● Task to carry out: Starting from the line with "Sahibinden Renault Megane" and going up to and including the line with "Jessica Alba Instagram", copy the listing below exactly. Leave all images out.

Start of Provided data

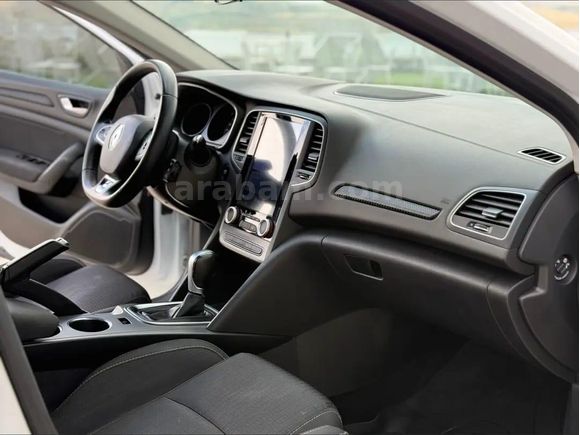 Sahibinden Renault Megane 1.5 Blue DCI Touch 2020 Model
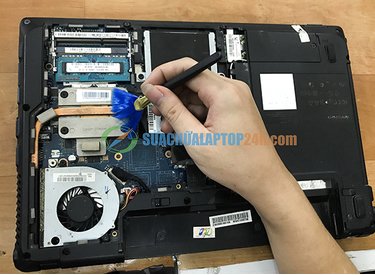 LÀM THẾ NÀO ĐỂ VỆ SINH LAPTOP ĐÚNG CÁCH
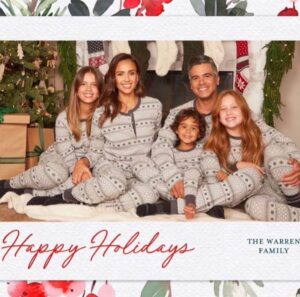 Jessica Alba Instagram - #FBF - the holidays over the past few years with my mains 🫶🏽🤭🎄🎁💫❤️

End of Provided data
Start of Provided data

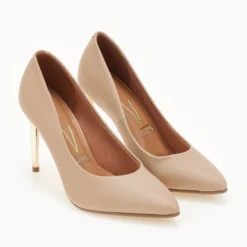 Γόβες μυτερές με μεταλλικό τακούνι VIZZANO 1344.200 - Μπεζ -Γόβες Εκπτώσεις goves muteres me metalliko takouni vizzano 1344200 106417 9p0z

End of Provided data

● Exercise solution:
 Sahibinden Renault Megane 1.5 Blue DCI Touch 2020 Model
 LÀM THẾ NÀO ĐỂ VỆ SINH LAPTOP ĐÚNG CÁCH
 Jessica Alba Instagram - #FBF - the holidays over the past few years with my mains 🫶🏽🤭🎄🎁💫❤️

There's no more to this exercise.